• _What this task involves_: Starting at the line that contains "作品【michiyoiw様】スツール サイドテーブル 木製　アンティーク風　四角い　イス　シャビー　椅子" and ending at the line that contains "360 Новости", the lines below are to be given again exactly, with nothing added.

Brief descriptive captions
++++++

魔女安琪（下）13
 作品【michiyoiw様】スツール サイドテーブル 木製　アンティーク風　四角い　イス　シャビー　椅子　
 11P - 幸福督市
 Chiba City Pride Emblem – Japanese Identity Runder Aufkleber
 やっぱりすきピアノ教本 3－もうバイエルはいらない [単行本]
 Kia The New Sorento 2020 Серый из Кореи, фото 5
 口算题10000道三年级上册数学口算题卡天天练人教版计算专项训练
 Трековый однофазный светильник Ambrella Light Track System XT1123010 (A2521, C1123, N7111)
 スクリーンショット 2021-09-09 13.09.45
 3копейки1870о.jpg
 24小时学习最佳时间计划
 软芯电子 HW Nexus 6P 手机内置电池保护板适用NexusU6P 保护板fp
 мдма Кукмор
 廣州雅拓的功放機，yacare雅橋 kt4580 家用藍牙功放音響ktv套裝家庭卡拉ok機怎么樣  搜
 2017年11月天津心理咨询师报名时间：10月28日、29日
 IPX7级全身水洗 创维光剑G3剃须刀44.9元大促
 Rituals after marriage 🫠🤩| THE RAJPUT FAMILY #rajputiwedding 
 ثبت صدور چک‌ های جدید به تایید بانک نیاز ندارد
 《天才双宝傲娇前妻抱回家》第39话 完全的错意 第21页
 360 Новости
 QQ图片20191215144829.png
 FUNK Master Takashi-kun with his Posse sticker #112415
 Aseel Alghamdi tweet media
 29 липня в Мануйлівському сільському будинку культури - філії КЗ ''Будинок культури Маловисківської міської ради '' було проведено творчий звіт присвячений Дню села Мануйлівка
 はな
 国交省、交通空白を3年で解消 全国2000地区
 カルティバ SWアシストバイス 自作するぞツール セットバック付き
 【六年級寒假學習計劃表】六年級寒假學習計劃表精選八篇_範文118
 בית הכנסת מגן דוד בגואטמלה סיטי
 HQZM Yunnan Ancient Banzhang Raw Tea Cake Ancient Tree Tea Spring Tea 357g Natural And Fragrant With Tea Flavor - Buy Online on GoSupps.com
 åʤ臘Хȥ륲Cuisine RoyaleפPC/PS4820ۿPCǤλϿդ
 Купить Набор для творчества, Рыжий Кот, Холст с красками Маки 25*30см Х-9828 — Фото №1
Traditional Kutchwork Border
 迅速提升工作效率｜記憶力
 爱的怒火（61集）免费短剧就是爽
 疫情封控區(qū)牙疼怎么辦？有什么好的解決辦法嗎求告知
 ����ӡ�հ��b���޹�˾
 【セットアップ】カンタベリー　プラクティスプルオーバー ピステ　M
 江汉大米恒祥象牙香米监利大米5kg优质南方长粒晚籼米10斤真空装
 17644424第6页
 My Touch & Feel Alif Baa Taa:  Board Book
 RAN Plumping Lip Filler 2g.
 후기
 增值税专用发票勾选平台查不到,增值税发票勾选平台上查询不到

++++++

• _Output for this exercise_:
 作品【michiyoiw様】スツール サイドテーブル 木製　アンティーク風　四角い　イス　シャビー　椅子　
 11P - 幸福督市
 Chiba City Pride Emblem – Japanese Identity Runder Aufkleber
 やっぱりすきピアノ教本 3－もうバイエルはいらない [単行本]
 Kia The New Sorento 2020 Серый из Кореи, фото 5
 口算题10000道三年级上册数学口算题卡天天练人教版计算专项训练
 Трековый однофазный светильник Ambrella Light Track System XT1123010 (A2521, C1123, N7111)
 スクリーンショット 2021-09-09 13.09.45
 3копейки1870о.jpg
 24小时学习最佳时间计划
 软芯电子 HW Nexus 6P 手机内置电池保护板适用NexusU6P 保护板fp
 мдма Кукмор
 廣州雅拓的功放機，yacare雅橋 kt4580 家用藍牙功放音響ktv套裝家庭卡拉ok機怎么樣  搜
 2017年11月天津心理咨询师报名时间：10月28日、29日
 IPX7级全身水洗 创维光剑G3剃须刀44.9元大促
 Rituals after marriage 🫠🤩| THE RAJPUT FAMILY #rajputiwedding 
 ثبت صدور چک‌ های جدید به تایید بانک نیاز ندارد
 《天才双宝傲娇前妻抱回家》第39话 完全的错意 第21页
 360 Новости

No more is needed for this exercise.